Vous l’avez compris, Jésus fait œuvre de fondateur. Il institue quelque chose de neuf, quelque chose que nous n’avons pas le droit de changer et dont saint Paul nous donne le détail. Dans la foulée, Jésus impose aussi une charge à ses apôtres : « faites cela en mémoire de moi. » Il fait d’eux les hommes qui présideront l’eucharistie de l’Église.

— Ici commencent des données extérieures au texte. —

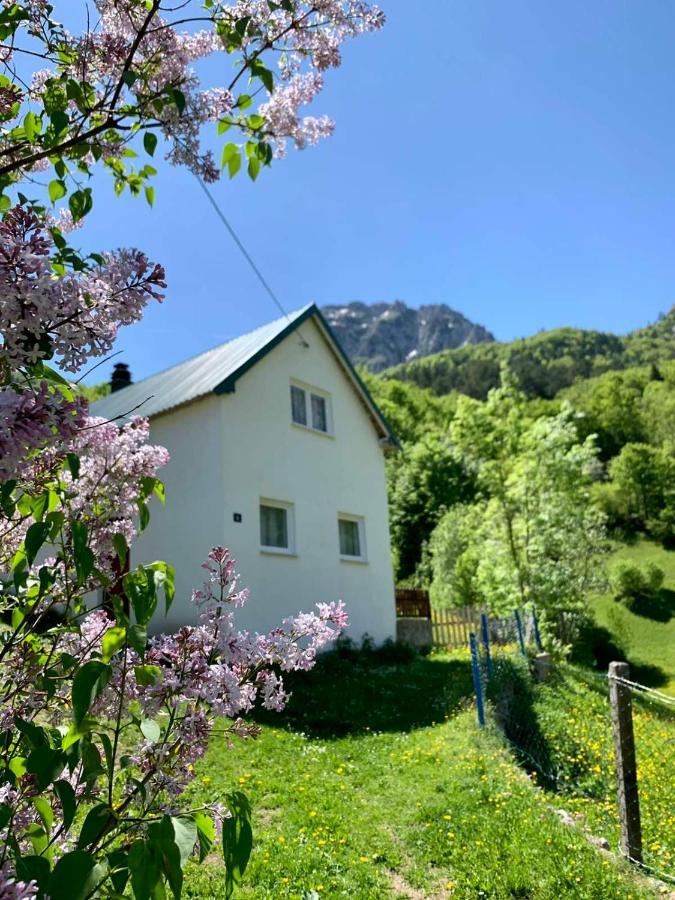 Maglic Villa Plužine Dış mekan fotoğraf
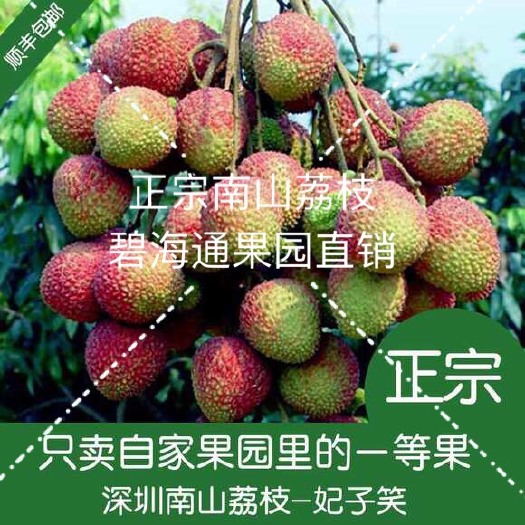 深圳 正宗南山妃子笑荔枝 基地直供大量供应 欢迎预定洽谈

Tout cela, je vous en ai parlé en introduisant cette liturgie, mais il est bon maintenant d’aller un peu plus loin. Car le Seigneur ne se contente pas d’élaborer un rituel minutieux, comme si c’était une cérémonie du thé. Jésus cherche à transmettre aux siens quelque chose de moins aisé à définir… Il s’agit de la mentalité et du style qui sont les siens, et qui, si nous les adoptons, témoigneront de notre réelle communion avec lui. Cet esprit, c’est l’AGAPÈ ; c’est l’amour de bonté, c’est l’attention à la fragilité de l’autre ; c’est cette charité qui s’abaisse, qui ne fait pas acception des personnes, qui veille à ne pas scandaliser le frère pour lequel le Christ est mort.

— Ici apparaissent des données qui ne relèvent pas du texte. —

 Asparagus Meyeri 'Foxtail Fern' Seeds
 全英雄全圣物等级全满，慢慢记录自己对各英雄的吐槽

Frères et sœurs, remarquez-le… Ce soir, le Seigneur ne nous tient pas de longs discours. Toute sa prédication passe à présent dans des gestes, dans des actions, c’est-à-dire dans ce qui est l’expression d’une vie. Ce soir, des pieds sont lavés ; du pain est pris, béni, rompu et partagé ; ce soir, Jésus demande aux siens de poser des actes, de mettre en pratique un commandement : laver les pieds les uns des autres, c’est-à-dire avoir entre frères un amour semblable à celui que Jésus a pour nous. Ce commandement que nous veillons à inscrire dans notre existence témoignera sûrement de la solidité de la foi en l’eucharistie et du sérieux de notre communion avec le Seigneur.


Bien sûr, la foi est au principe de toute vie chrétienne et de la participation à l’eucharistie. Quand nous nous approchons de l’autel, nous devons croire que nous recevons le Christ qui s’est livré pour nous. Saint Paul ne nie pas cela quand il dit : « Celui qui ne discerne pas le corps mange sa propre condamnation (1 Co 11,29). » Quand il évoque le corps, c’est bien le corps du Christ qu’il a à l’esprit, mais le contexte indique que Paul voit le corps plus largement que le corps individuel… C’est le Corps de l’Église, ce Corps dont le Christ est la Tête (Eph 1,22-23), le Christ total de saint Augustin.


La foi est donc au principe, comme le disait saint Ignace d’Antioche, et l’amour est la perfection, car il est communion des membres de l’Église. La foi en l’eucharistie appelle l’amour fraternel pour que l’Église soit appelée la « Charité des frères », selon une autre expression de saint Ignace.


J’insiste beaucoup là-dessus ! La vie chrétienne n’est pas enfermée dans la limites du temps de la célébration liturgique. Le Seigneur le rappelle : « Quand tu présentes ton offrande à l’autel, si là tu te souviens que ton frère a quelque chose contre toi, laisse là ton offrande, et va d’abord te réconcilier avec ton frère… (Mt 5,23-24) »


Oui. La meilleure façon d’exprimer notre respect, notre action de grâce pour le don de l’eucharistie, c’est de vivre selon le Testament spirituel du Seigneur, de le faire nôtre en faisant comme les apôtres : en demeurant longtemps avec Lui pour nous imprégner de sa manière de vivre et d’être. Ce Testament demande d’aimer l’Église pour laquelle Lui, Jésus, s’est livré totalement. Ce Testament consiste enfin à poser, pour les aimer, un regard de foi sur nos frères, en reconnaissant en eux des hommes et des femmes qu’il a rachetés par son sang.